Huzzah, I have finally succeeded in making a proper shortbread!
Valentine's Day is one of those holidays that my husband and I rarely celebrate. We've been together for 9 years, so we both know where are hearts are, but occasionally he'll get me flowers or jewelry and I'll bake him some kind of heart shaped treat. This year brought emerald earrings and a luscious batch of Jimmy's Pink Cookies from Molly Wizenberg's book, A Homemade Life.
God bless my mother for giving me this book which is part memoir, part cookbook, and full of love and deliciousness. I've made most of the recipes from it, but always shied from Jimmy's Pink Cookies because of my past failure to produce a crumbly, light shortbread. Mine came out tough from too much handling, and when I waste a pound of butter, I tend to stay away.
Well, no fear with Molly's recipe, it is pretty fool-proof, and the cookies–Holy Mary, they are good. My husband loved them, as did the kids and my good friend, Nancy, whom I consider to be an aficionado of shortbreads, pie crusts, and butter in general. The cookies will a keep a few days in the fridge, or you can freeze them forever, but believe me, they won't last.
Wizenberg's blog, http://www.orangette.blogspot.com, is also full of love and deliciousness. Check it out; she is an artist with food and words.
Jimmy’s Pink Cookies (Molly Wizenburg)
For the cookies:
3 sticks (12 ounces) unsalted butter, at room temperature
1 cup powdered sugar
3 cups all-purpose flour
1/2 teaspoon salt
1 teaspoon vanilla extract
For the frosting:
8 ounces cream cheese, at room temperature
6 tablespoons (3 ounces) unsalted butter, at room temperature
3 cups powdered sugar
1 1/4 teaspoon kirsch or cherry extract (I used kirsch and probably about 1 tablespoon at least.)
red food coloring
To make cookies, combine the butter and powdered sugar in the bowl of a stand mixer with the paddle attachment, and beat, first on low speed, and then slowly increasing to medium, until light and fluffy.

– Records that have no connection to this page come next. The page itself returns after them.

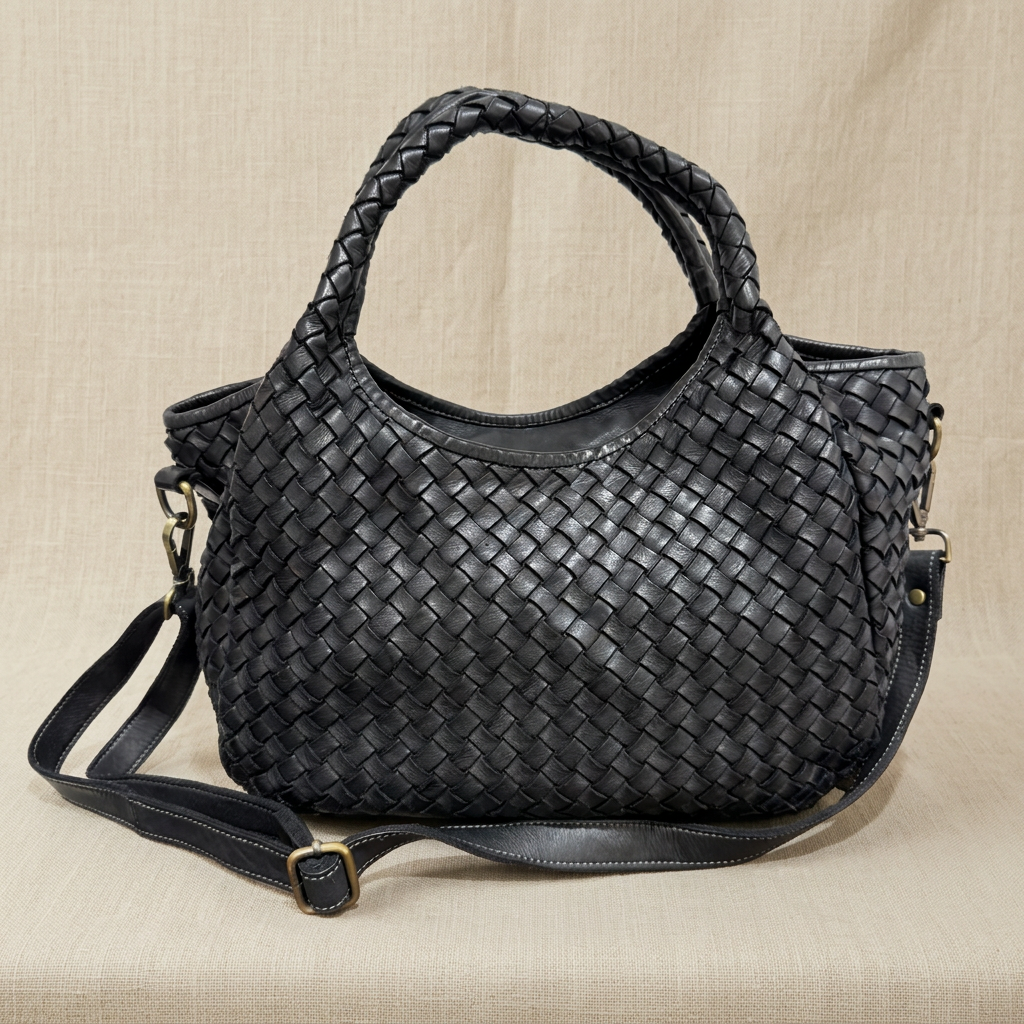 Borsa nera su lino beige, foto 2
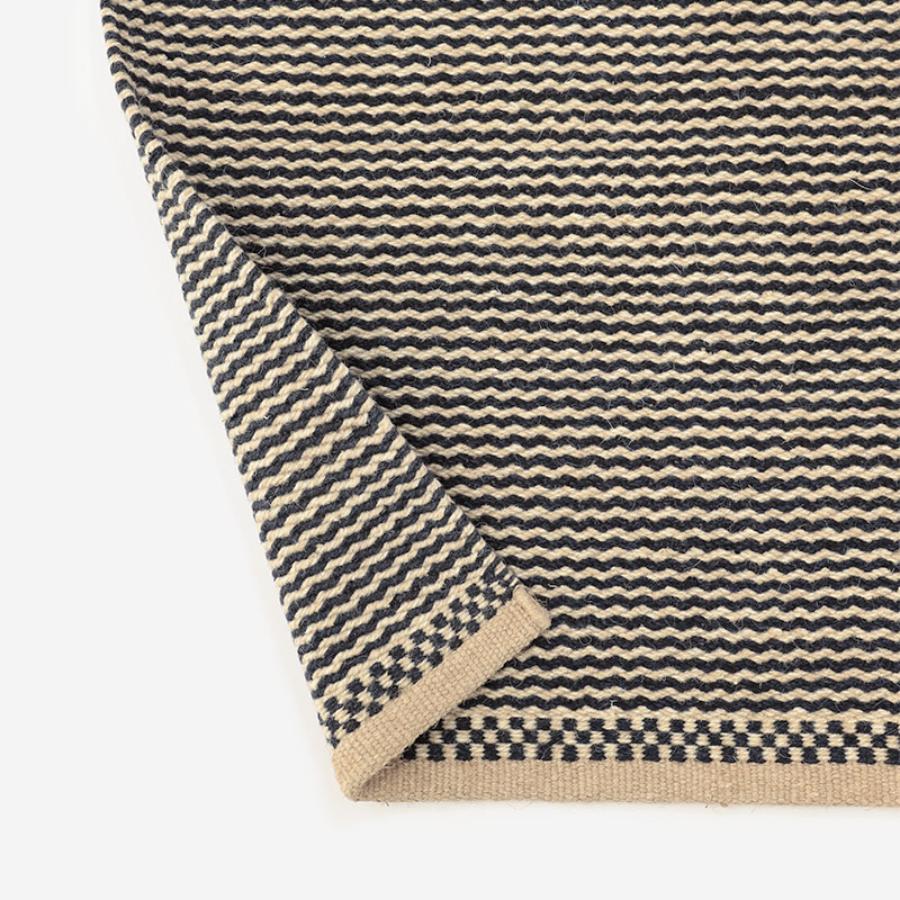 Daisy Rug 170x240cm Black & Beige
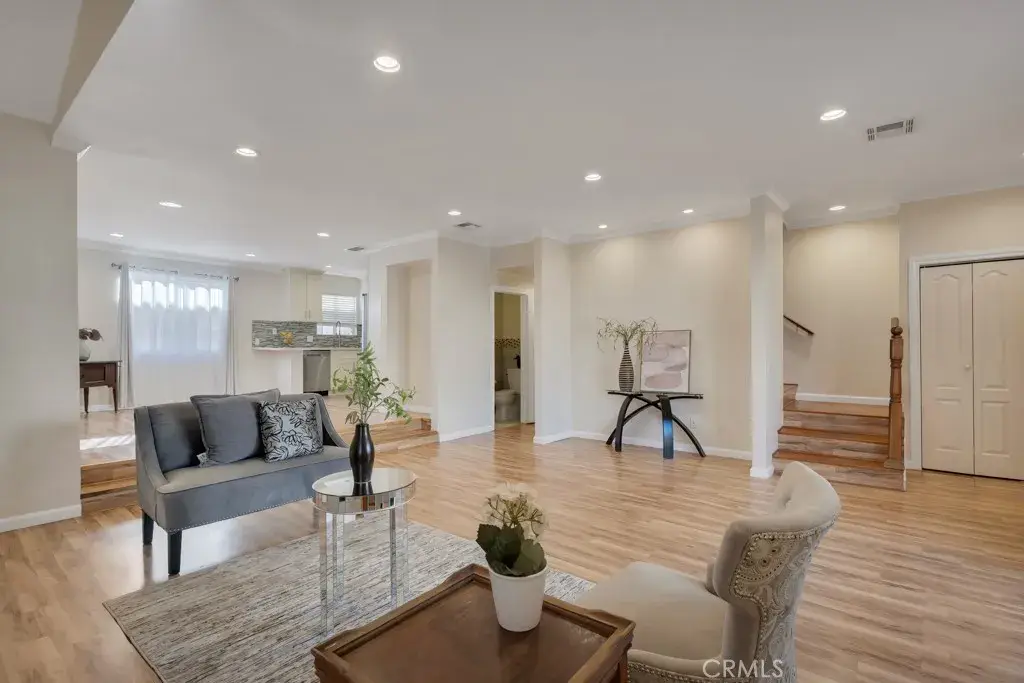 8958 Burnet Avenue #E6, North Hills, CA 91343 - Image #1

In a medium bowl, combine the flour and salt, and whisk well. With the mixer on low, add the flour mixture to the butter mixture, beating until the flour is just absorbed. Add the vanilla and beat well to incorporate. (I added the vanilla in after I whipped the butter and sugar due to my fear of the dough becoming tough from too much beating with the flour added.) Lay a sheet of plastic wrap on a large clean surface and turn the dough out onto it. Shape into a disk, wrap well, and refrigerate for one hour.
On a clean, floured surface, roll th dough out to a thickness of 3/8 inch. Using a cookie cutter, cut the dough into whatever shapes you would like. (I used an antique heat shaped cookie cutter, naturally.) Molly uses a 2 inch round cutter and Jimmy uses a much bigger cutter, often in the shape of a heart.

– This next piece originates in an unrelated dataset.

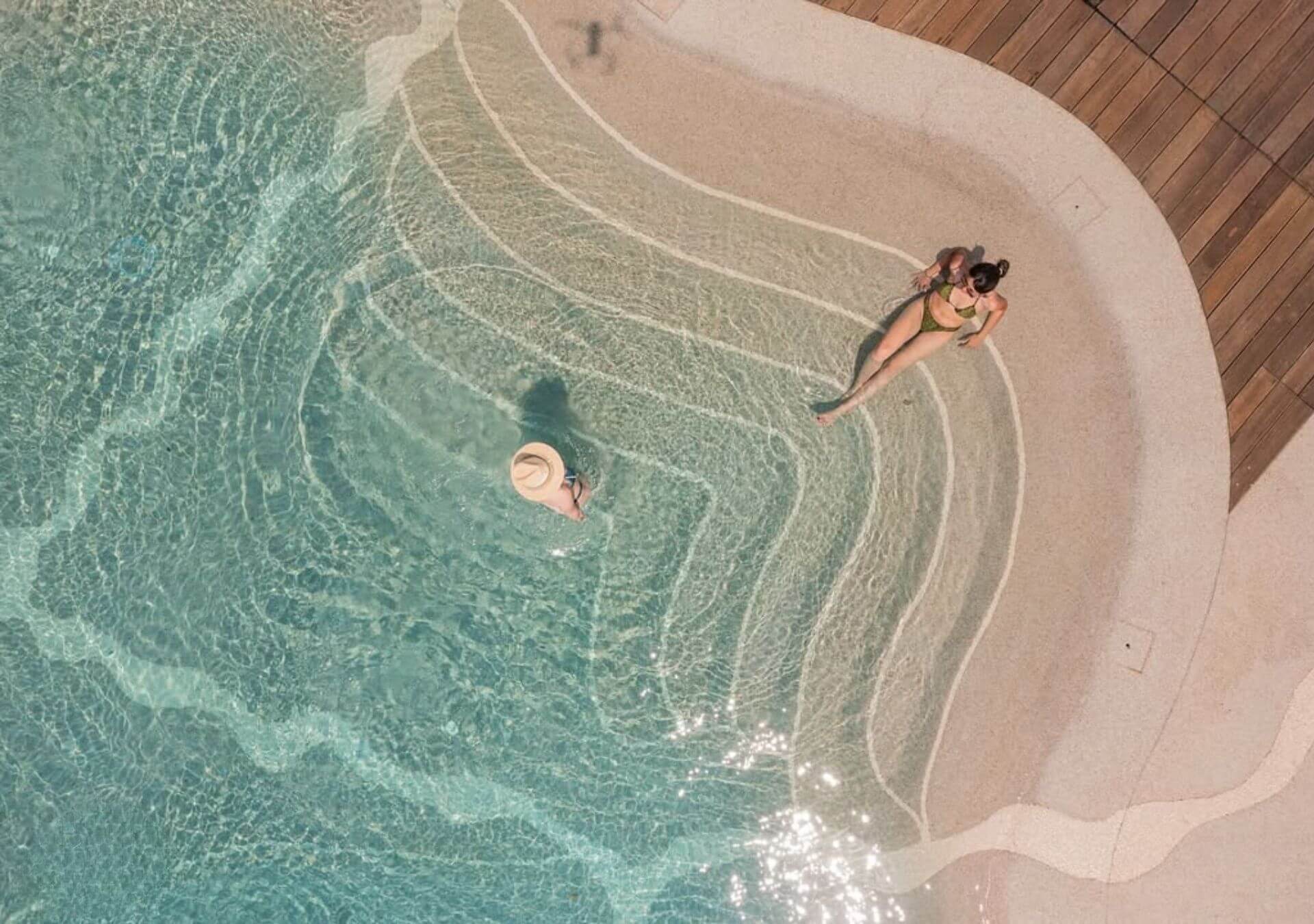 piscina de arena entrada escalonada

Place the cookies on the prepared baking sheets, spacing them 1 1/2 inches apart. Bake them one sheet at a time, keeping the second sheet in the refridgerator until the first one is done, for 16 to 20 minutes (my smaller heart cookies took 17 minutes exactly), or until the cookies are pale golden at the edges. Do not allow them to brown. Transfer cookies to a wire rack and cool completely on the pan.
To make the frosting, combine the cream cheese and butterin the bowl of a stand mixer fitted with the paddle attachment and beat on medium speed until smooth. Add the powdered sugar and beat on low speed to fully incorporate, then raise the speed to medium/medium high and beat until there are no lumps, scraping down the sides of the bowl with a rubber spatula as needed. Add the flavoring and a few drops of food coloring and beat well. The frosting should be a pretty shade of pink. Taste, if it needs more cherry flavor, go ahead and add more. Generously spread onto the fully cooled cookies. This recipe makes a ton of frosting, Molly recommends using most of it, but I found I had a lot left over. Of course, there's nothing wrong with having too much frosting, I am going to make a small rich chocolate cake to frost with the remainder of it.
The recipe makes about 2 dozen cookies, I rolled mine out a bit thinner and got 3 dozen.